The data:
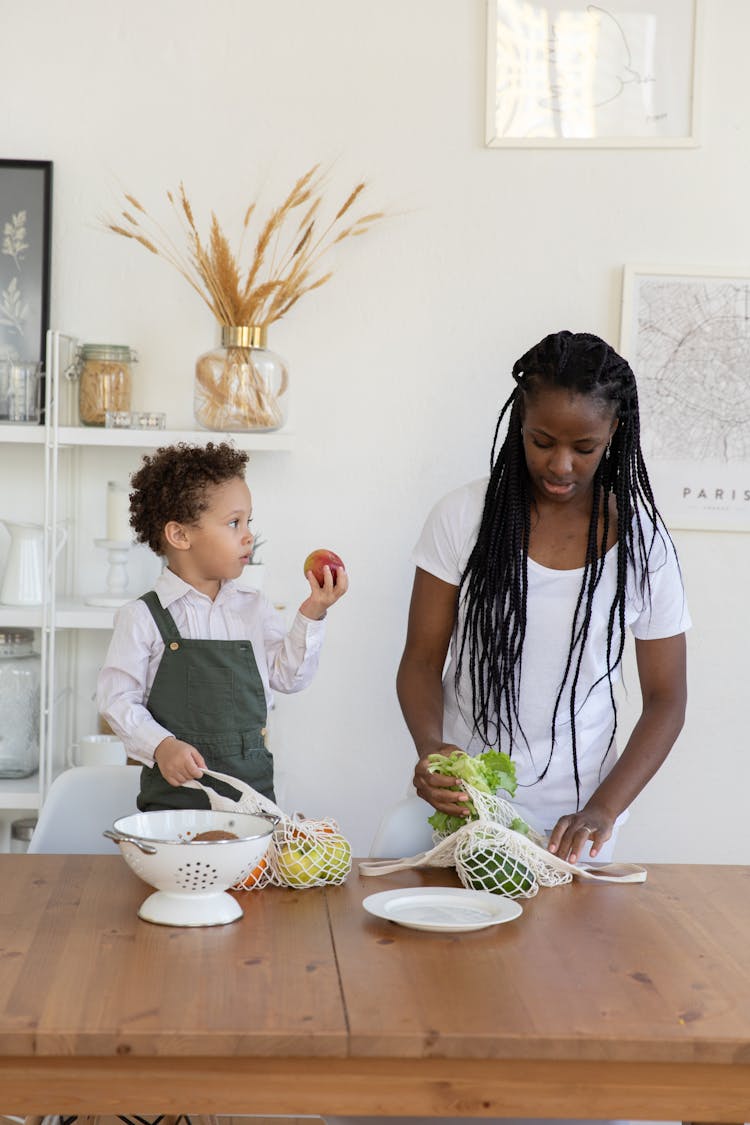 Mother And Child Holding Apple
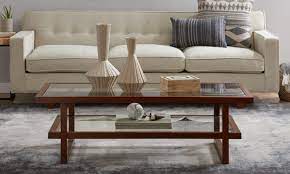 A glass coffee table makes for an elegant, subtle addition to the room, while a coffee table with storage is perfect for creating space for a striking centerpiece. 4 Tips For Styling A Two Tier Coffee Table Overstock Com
---
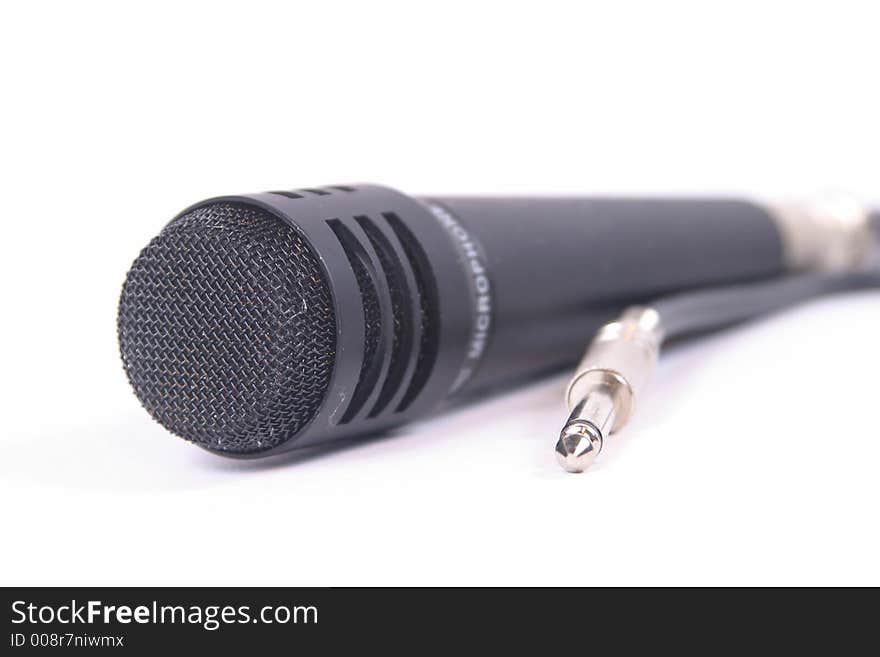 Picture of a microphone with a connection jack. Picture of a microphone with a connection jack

Task to carry out: Take the material above and output only the lines from the one that contains "Mother And Child Holding Apple" through the one that contains "A glass coffee", ends included and images left out.

Answer to the problem:
 Mother And Child Holding Apple
 A glass coffee table makes for an elegant, subtle addition to the room, while a coffee table with storage is perfect for creating space for a striking centerpiece. 4 Tips For Styling A Two Tier Coffee Table Overstock Com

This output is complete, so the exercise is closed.